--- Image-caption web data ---
**********

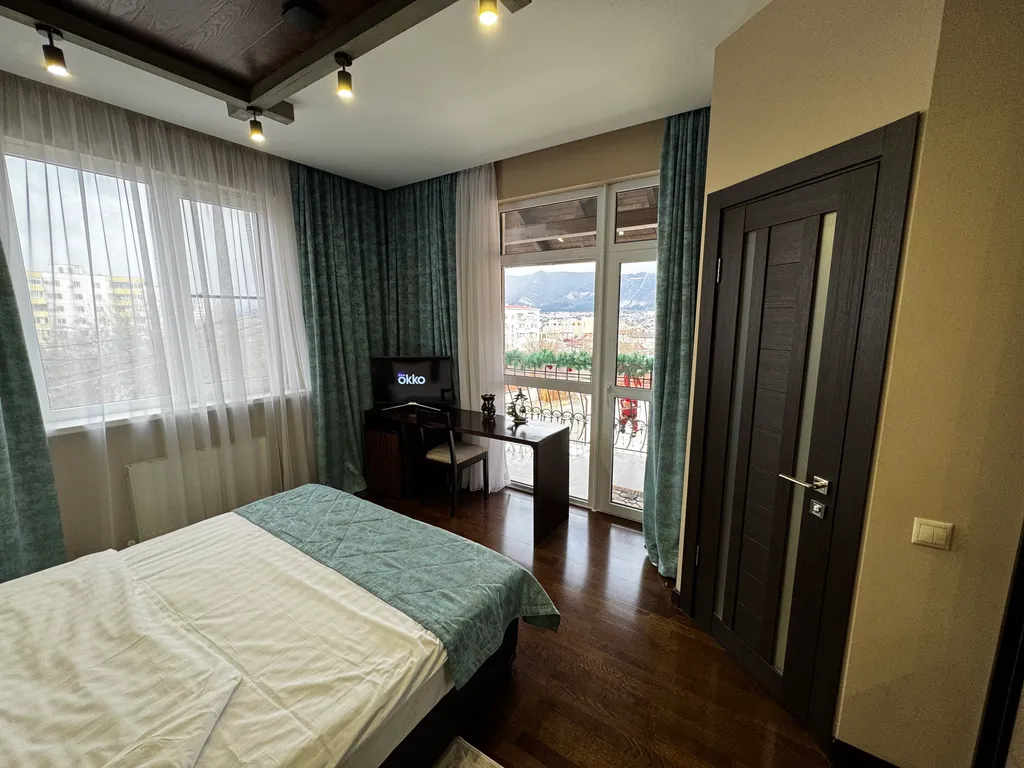 В Геленджике как дома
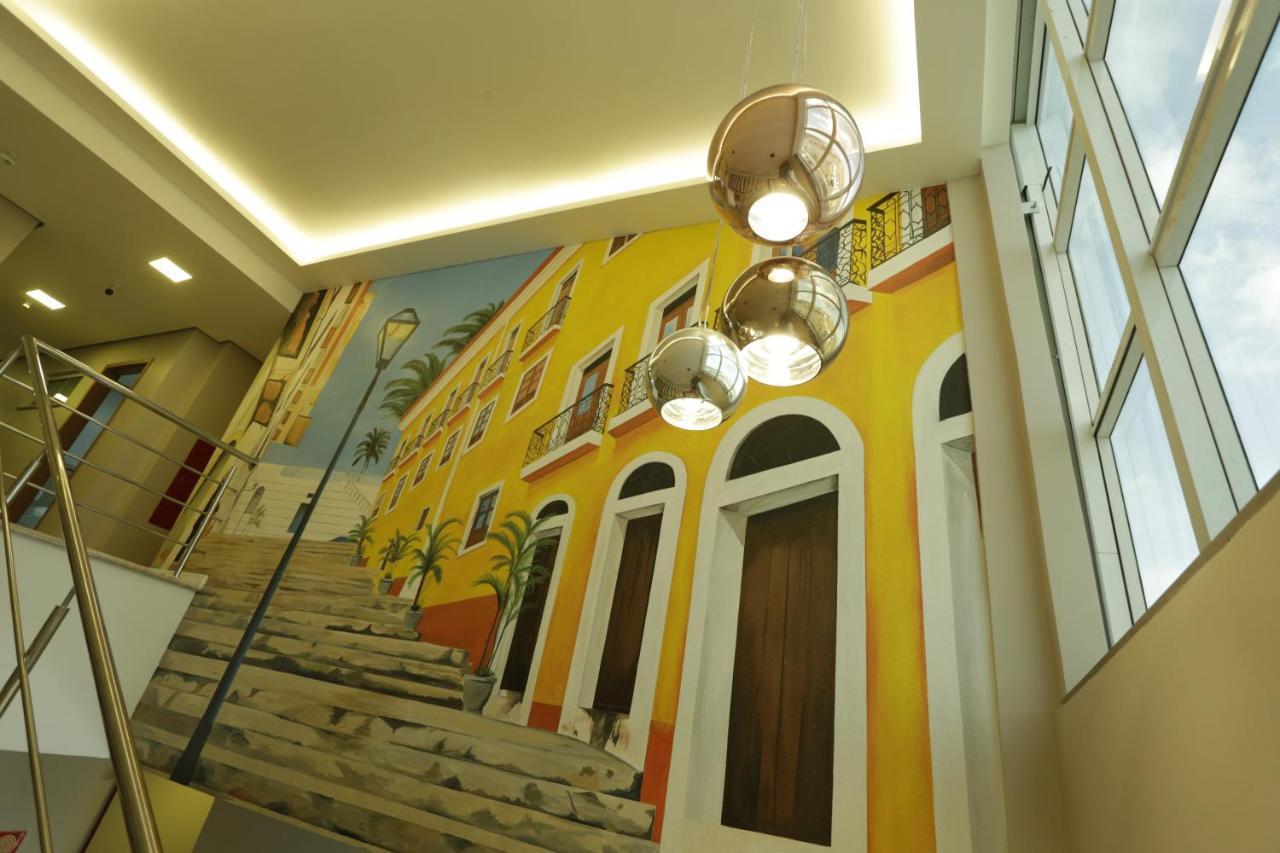 Valen Porto Hotel Sao Luis Luaran gambar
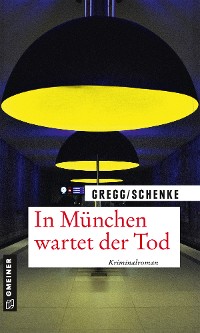 Cover In München wartet der Tod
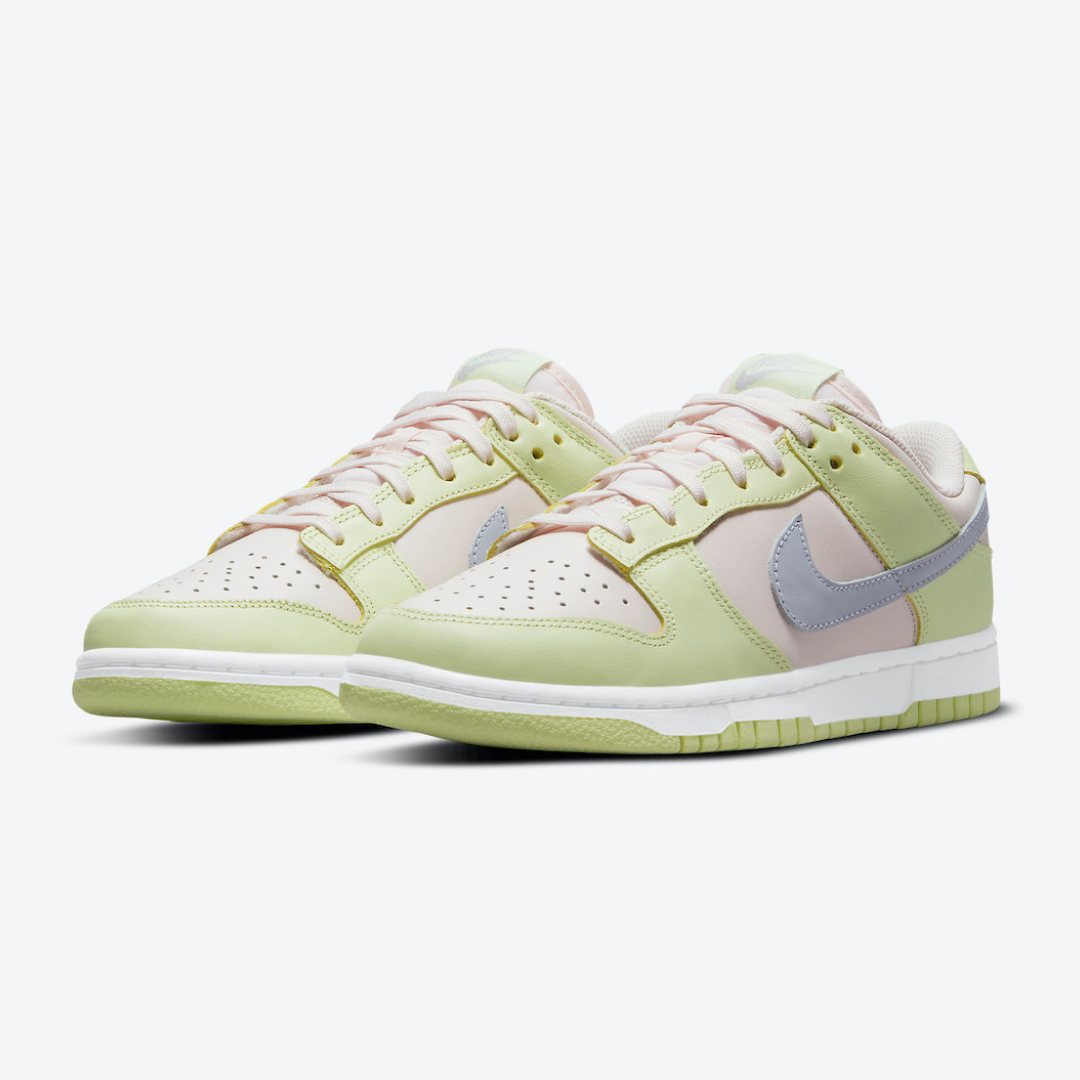 Nike Dunk Low 'Light Soft Pink' W)2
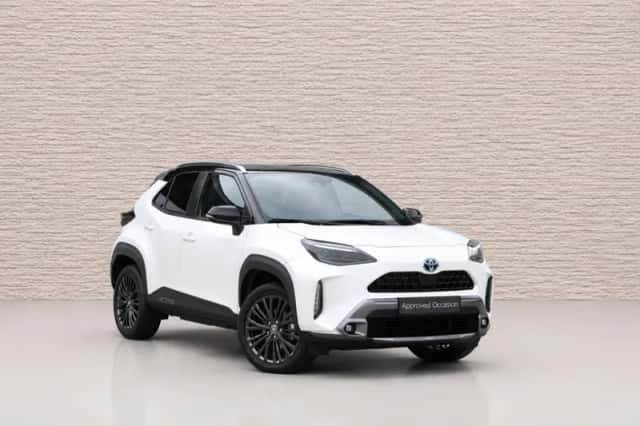 Toyota Yaris Cross (2022) thumbnail 1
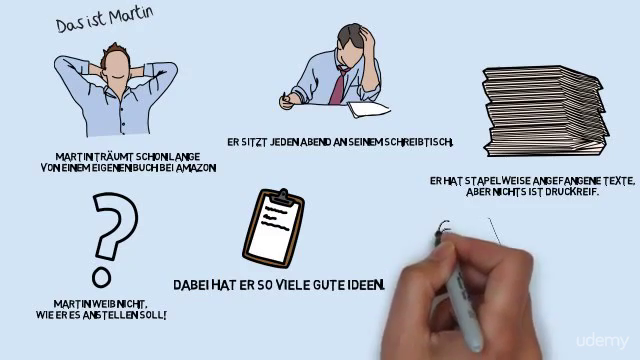 Schreibe Dein Buch endlich fertig - Mit einfachen Schritten – Screenshot 2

**********

--- Task objective ---
Before duplicating, set the pictures aside; then output exactly the lines from the one with "Valen Porto Hotel Sao Luis Luaran gambar" through the end of the records, and only those.

--- Result of this exercise ---
 Valen Porto Hotel Sao Luis Luaran gambar
 Cover In München wartet der Tod
 Nike Dunk Low 'Light Soft Pink' W)2
 Toyota Yaris Cross (2022) thumbnail 1
 Schreibe Dein Buch endlich fertig - Mit einfachen Schritten – Screenshot 2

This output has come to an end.